What will happen when "earthing" is not an option? I know that earth has a very high capacitance (of about 711$\mu$F) and it would take a lot of time for this but since we earth almost all our appliances for safety, wouldnt one day come when earth doesnt have the ability to store more charge and therefore we cannot earth our appliances? And even if it does, what would happen after that?
 A: TLDR
Earthing will not be used up and cease to be an option. Safety earthing does not rely on the planet's capacitance or conductance.
Electrical power systems move charge only in the same way that the fixed engine of a cable-car system moves metal wire. There's no net accumulation of wire at any single point. The cable car system doesn't eventually run out of places to store the wire, it gets recirculated continuously.
Internal
Safety earthing (also known as grounding) is largely a local arrangement that does not make use of the planet's capacitance or conductance.
In a home, all the metal pipework and the "earth" wire of fixed power wiring are all joined together at a common point near where the electrical supply first enters the building. It is primarily this that provides the safety.
The idea is that if a live-wire accidentally contacts a copper pipe (for example), a large "short circuit" current will flow because the pipe is connected to "earth" - and this will cause an overcurrent protective device (fuse, circuit breaker, etc) to isolate the live side of the circuit and make it safe. 
There are also residual current detectors (RCD, GFCI etc) which look for imbalances in current between "live" and "neutral" conductors - and isolate circuits where an imbalance suggests an unsafe leakage through another path. I believe these are used in two main circumstances:


*

*where you need the safety system to isolate the live current faster (or for smaller currents) than a fuse or circuit breaker can react - e.g. electric lawnmower cutting its own cable with its wet metal blade while a human is holding its wet metal handle.

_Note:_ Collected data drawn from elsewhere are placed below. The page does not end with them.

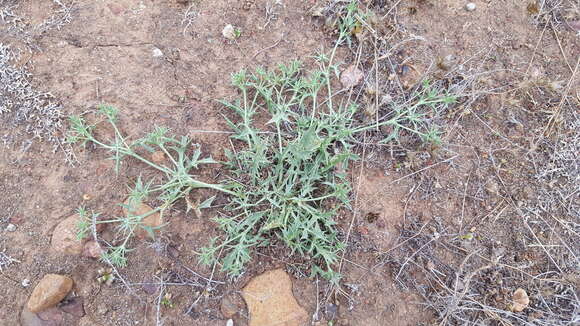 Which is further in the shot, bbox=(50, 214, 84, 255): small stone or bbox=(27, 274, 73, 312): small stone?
bbox=(50, 214, 84, 255): small stone

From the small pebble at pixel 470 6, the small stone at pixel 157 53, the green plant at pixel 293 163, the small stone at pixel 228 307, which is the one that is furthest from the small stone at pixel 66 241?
the small pebble at pixel 470 6

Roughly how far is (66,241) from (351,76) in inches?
77.4

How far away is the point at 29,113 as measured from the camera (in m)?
2.61

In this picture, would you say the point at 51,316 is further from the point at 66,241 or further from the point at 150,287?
the point at 150,287

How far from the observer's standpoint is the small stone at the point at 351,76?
2822 mm

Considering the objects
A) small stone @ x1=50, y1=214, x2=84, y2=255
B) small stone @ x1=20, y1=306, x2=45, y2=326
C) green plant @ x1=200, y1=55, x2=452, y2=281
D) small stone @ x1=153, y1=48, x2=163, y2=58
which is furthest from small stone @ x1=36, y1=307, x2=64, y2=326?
small stone @ x1=153, y1=48, x2=163, y2=58

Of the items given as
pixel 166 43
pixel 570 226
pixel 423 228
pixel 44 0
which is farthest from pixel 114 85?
pixel 570 226

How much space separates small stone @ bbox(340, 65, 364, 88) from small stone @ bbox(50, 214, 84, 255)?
6.01ft

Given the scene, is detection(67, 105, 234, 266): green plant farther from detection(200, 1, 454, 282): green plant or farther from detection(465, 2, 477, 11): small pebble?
detection(465, 2, 477, 11): small pebble

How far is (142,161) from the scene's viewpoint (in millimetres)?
2588

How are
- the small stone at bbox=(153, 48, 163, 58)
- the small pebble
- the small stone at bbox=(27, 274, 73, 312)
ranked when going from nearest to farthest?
the small stone at bbox=(27, 274, 73, 312), the small stone at bbox=(153, 48, 163, 58), the small pebble

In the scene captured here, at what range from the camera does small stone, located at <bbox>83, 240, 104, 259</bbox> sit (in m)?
2.38

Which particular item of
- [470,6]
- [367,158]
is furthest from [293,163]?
[470,6]

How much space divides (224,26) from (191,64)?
0.36m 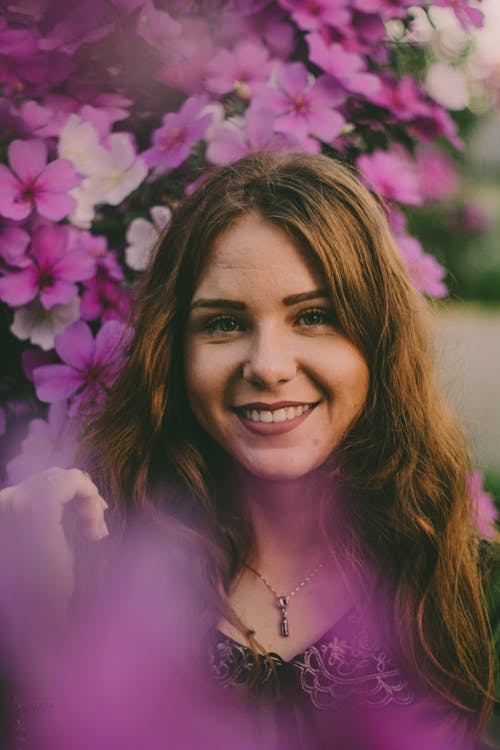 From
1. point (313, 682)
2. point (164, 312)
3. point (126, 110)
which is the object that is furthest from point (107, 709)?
point (126, 110)

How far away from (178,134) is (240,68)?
6.0 inches

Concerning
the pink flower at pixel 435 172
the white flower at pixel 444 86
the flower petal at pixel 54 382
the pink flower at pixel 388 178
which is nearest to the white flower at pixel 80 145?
the flower petal at pixel 54 382

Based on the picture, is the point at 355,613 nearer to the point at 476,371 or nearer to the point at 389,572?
the point at 389,572

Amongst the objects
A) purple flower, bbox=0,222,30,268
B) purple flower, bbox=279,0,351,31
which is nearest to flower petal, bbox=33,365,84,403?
purple flower, bbox=0,222,30,268

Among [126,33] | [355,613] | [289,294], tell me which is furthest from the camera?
[126,33]

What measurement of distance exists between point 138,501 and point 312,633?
277mm

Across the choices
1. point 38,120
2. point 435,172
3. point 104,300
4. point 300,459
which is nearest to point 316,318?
point 300,459

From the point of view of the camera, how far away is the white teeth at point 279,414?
102 centimetres

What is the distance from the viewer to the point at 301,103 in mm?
1251

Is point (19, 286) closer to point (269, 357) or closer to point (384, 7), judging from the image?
point (269, 357)

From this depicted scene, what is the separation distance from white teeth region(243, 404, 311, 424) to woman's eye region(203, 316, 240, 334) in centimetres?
10

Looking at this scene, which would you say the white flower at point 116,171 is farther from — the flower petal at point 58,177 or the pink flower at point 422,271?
the pink flower at point 422,271

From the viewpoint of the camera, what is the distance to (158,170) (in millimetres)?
1283

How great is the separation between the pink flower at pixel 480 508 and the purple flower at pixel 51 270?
606 millimetres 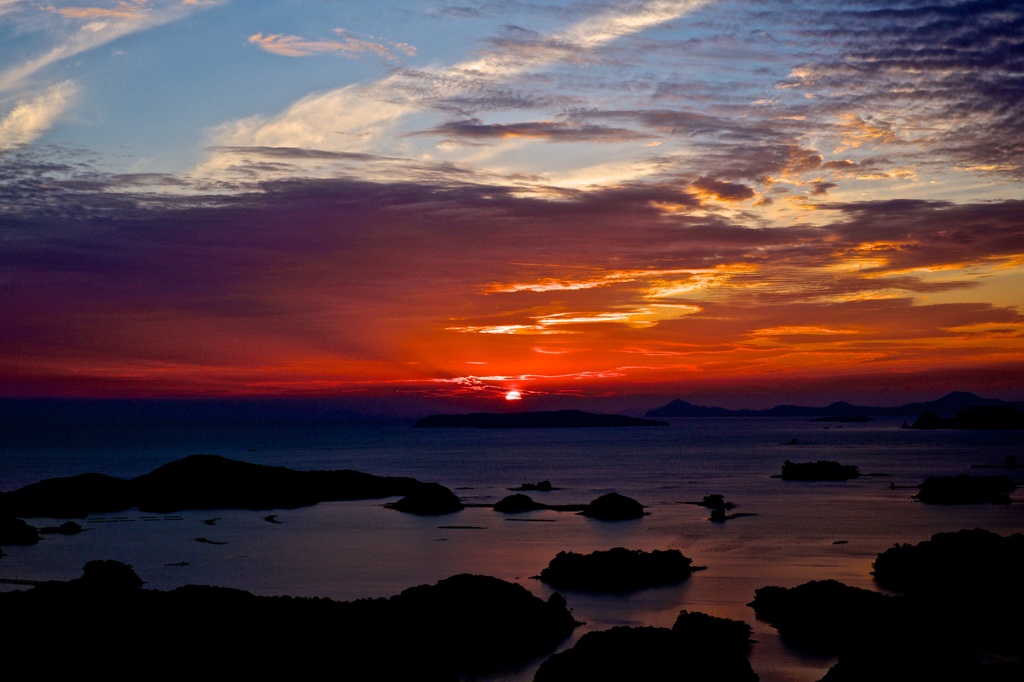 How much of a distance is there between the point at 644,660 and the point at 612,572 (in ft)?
54.2

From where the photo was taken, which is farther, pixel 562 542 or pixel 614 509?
pixel 614 509

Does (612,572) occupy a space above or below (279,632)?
below

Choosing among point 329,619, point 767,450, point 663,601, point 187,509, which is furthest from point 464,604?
point 767,450

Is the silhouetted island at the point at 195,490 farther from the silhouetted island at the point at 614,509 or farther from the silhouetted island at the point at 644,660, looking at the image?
the silhouetted island at the point at 644,660

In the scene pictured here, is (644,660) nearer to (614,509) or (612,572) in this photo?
(612,572)

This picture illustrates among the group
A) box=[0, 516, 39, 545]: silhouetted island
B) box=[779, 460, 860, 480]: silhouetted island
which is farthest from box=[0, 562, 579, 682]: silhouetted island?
box=[779, 460, 860, 480]: silhouetted island

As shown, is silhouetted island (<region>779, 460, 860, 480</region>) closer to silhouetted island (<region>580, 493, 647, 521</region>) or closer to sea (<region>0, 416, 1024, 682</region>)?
sea (<region>0, 416, 1024, 682</region>)

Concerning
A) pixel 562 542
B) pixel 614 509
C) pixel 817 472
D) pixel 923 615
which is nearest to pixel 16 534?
pixel 562 542

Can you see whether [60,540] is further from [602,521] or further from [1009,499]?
[1009,499]

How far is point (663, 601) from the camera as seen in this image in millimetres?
35156

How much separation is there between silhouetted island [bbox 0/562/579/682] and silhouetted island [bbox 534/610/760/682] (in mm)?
4102

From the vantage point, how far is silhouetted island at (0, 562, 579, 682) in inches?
875

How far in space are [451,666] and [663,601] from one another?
40.8 feet

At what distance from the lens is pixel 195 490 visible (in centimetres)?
8125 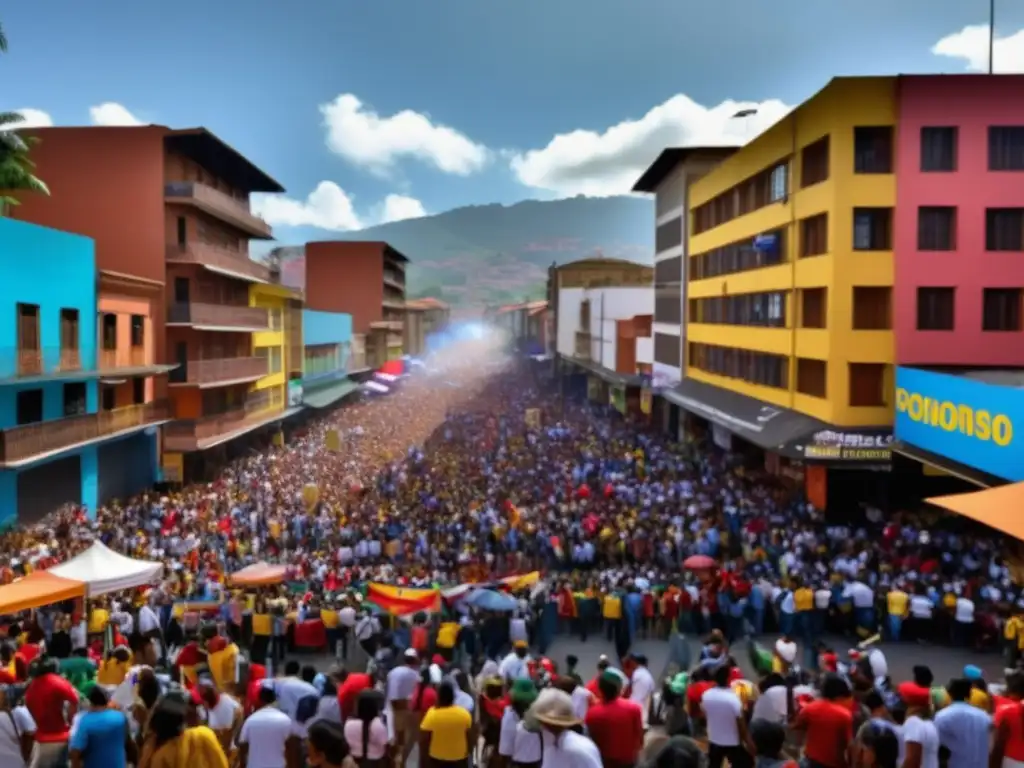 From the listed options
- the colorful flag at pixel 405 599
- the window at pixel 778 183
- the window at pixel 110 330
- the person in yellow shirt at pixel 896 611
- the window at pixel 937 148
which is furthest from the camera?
the window at pixel 110 330

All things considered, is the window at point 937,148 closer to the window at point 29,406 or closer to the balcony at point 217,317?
the window at point 29,406

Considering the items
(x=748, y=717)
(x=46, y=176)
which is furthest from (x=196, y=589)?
(x=46, y=176)

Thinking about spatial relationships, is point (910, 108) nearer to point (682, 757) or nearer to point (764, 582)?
point (764, 582)

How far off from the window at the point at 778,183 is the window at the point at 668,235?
52.5ft

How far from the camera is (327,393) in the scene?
66.8m

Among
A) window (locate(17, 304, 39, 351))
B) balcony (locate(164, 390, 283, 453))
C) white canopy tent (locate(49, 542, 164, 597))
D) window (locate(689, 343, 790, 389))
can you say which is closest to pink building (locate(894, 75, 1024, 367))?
window (locate(689, 343, 790, 389))

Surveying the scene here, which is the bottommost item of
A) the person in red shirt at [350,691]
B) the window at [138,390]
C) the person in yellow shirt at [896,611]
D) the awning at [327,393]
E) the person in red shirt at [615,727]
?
the person in yellow shirt at [896,611]

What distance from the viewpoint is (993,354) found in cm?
2638

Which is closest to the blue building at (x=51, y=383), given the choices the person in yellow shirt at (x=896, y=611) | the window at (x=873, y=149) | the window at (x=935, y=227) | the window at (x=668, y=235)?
the person in yellow shirt at (x=896, y=611)

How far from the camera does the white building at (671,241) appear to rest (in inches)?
1865

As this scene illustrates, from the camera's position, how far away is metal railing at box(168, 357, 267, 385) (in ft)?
131

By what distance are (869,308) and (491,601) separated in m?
14.9

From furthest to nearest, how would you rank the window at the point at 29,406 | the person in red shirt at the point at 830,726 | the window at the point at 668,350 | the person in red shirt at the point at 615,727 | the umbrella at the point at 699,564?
the window at the point at 668,350, the window at the point at 29,406, the umbrella at the point at 699,564, the person in red shirt at the point at 615,727, the person in red shirt at the point at 830,726

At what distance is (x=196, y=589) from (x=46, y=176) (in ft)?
85.6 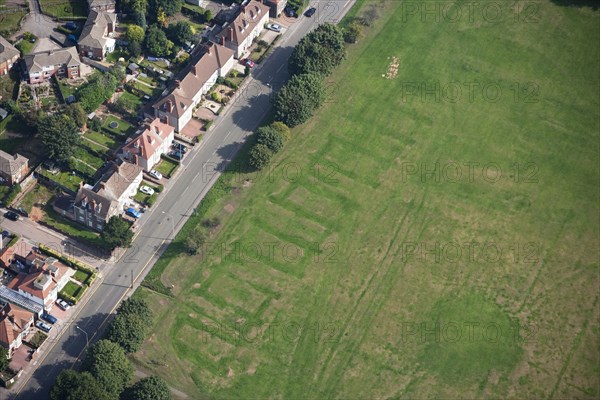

*in homes whose internal power cables lack a protective earth conductor (e.g. many US homes of older construction).
External
In some countries, this home "ground" point is also usually connected to the "neutral" wire of the household power cabling.
In some countries, this ground point is actually connected to a local "ground rod" or stake driven into the ground. But elsewhere this is instead connected to a "protective earth" or combined earth-neutral power wire in the electrical supply cable. 
See Earthing systems
A: Maybe this will help:

Q=C*V
A key thing to bear in mind when using this formula is that Q refers to the charge separation of the system. In other words, when I say that a capacitor is charged up to some level Q, I mean that I have put +Q on one part of the capacitor,-Q on the other. The capacitor as a whole remains neutral!! I emphasize this now because I often find students are somewhat confused by this point, particularly when we start thinking about circuits that have capacitors in them.

Bold mine.
It then depends on what is the +Q or the -Q in our circuit with respect to the earth, it is not a fixed nor a conserved amount. It is not  something that can be saturated.
Read 6.2.1 for the earth as a spherical capacitor.
The capacitance of the earth is so large that one can effectively remove charge or add charge without changing measurably the potential.
Now if one starts thinking of the basic carriers of charge, electrons and ions, in total the earth is neutral, and it is potential differences that define the separation and motion of charges, and conductivity on how fast charges are diffused.